I don’t know if this happens at other schools but it’s a tradition that is as old as the hills at my son’s school. The birthday child – standing proud at the classroom door – hands out a sweet, a fun size chocolate bar or a lollipop to their friends as they file out. We’re talking about each child having ONE treat. And if there are 30 kids in the class, that’s 30 sweets over a period of around 190 days across a school year.

But now this isn’t a thing anymore and parents are being asked to supply a book for the class library instead as a birthday ‘treat’. My son wasn’t too impressed with this suggestion. Nor was the mother of the child who came out of school upset on her birthday because she and her parents hadn’t been aware of the new policy. The ‘counterfeit’ sweets the little girl had innocently brought into school that day had been seized, she’d been embarrassed in front of her classmates and the end of the day passed without so much as a ‘happy birthday’ sing-song.

I’m obviously not saying that it’s okay to load children with sugar. It’s not. But muddled policies around healthy eating in schools– although perhaps inconsequential in the grand scheme of the current educational landscape, with its constant curriculum changes and crippling cuts – undermine parents’ abilities to instil balanced attitudes to eating in their children. 

And here’s the rub. Surely becoming a ‘healthy school’ has to come from the top? While I take a lot of what my son says with a liberal pinch of salt (“But the teachers are always eating biscuits!”), I’ve definitely seen a big tub of Celebrations in the staffroom and I honestly can’t believe that there’s not one teacher in the school who occasionally has a Hob Nob with their break time coffee. And then there are the after school cake and ice cream sales, lucrative money-spinners for the PTFA. Should they not be banned too, along with the ice cream man who sells 99s and ice lollies just outside the school gates?

There’s another rub too. While enforcing this policy on what passes the kids’ lips, they seem to be hell-bent on doing their best to limit their physical activity. While reduced hours of PE is perhaps a wider curriculum issue, I’m getting a bit fed up of hearing from my son about all of the things he’s not allowed to do at playtime. Playing football is the latest activity to be curbed, because a ball might hit a younger child. And so the state-of-the-art astro turf pitch remains a place for carefully walking upon (I wouldn’t be surprised if running has been banned), while my 9-year-old and his gaggle of footy-mad friends can only gaze at it longingly and look forward to a kick around after school.
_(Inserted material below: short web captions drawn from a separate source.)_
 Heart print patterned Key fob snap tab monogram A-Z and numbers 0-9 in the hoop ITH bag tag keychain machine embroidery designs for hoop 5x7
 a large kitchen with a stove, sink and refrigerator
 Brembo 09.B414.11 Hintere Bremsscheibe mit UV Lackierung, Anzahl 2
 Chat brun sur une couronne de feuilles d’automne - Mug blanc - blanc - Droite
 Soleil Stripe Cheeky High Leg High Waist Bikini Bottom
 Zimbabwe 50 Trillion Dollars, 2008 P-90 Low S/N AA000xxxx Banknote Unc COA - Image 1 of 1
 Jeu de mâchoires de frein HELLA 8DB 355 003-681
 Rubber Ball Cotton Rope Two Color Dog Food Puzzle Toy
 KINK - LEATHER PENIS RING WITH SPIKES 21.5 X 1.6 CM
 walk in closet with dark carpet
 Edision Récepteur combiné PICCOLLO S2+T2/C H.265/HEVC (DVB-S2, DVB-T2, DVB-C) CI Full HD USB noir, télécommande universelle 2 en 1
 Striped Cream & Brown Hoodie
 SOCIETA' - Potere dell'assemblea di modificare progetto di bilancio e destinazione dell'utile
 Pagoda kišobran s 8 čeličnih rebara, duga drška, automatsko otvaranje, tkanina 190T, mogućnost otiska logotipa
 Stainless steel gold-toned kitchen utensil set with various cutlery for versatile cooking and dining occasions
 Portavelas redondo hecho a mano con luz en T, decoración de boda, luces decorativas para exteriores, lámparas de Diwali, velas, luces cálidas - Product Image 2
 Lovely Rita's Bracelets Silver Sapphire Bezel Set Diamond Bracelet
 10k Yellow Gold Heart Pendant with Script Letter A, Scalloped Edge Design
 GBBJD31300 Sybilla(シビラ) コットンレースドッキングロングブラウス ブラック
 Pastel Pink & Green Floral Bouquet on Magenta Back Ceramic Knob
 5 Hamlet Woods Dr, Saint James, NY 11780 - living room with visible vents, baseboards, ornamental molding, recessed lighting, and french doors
It just all feels a bit muddled. It’s fine to pack a sugar-loaded cereal bar in their lunchbox but a slice of home-made Victoria Sponge is a no-no. Notoriously sugary fruit juice cartons are okay but the water in the water fountains comes out luke-warm and my son says he’s been refused getting a cup of water when he’s been thirsty in the classroom. His sandwiches are frequently only nibbled at due to the rush to get the dining hall cleaned and swept. He often emerges from school in a foul mood, starving hungry and with his blood sugar running at empty.

I certainly don’t expect schools to validate unhealthy eating habits and I’m shocked by the statistics on childhood obesity. But I worry that contradictory messages only confuse the issue, creating yet more complexity in the delicate area of children and food.  We need to nurture healthy attitudes towards food and be mindful that well-meaning but poorly executed policies to food in school may be paving the way to toxic relationships with food later in life – a study commissioned by Beat in 2015 estimated that more then 725,000 people in the UK are affected by an eating disorder.

I believe that schools have a duty to educate our children and young people about leading a healthy lifestyle and I’m happy that vending machines and tuck shops in schools are a thing of the past. But let’s keep a sense of balance and perspective – everything in moderation might not be such a bad message to share with our children.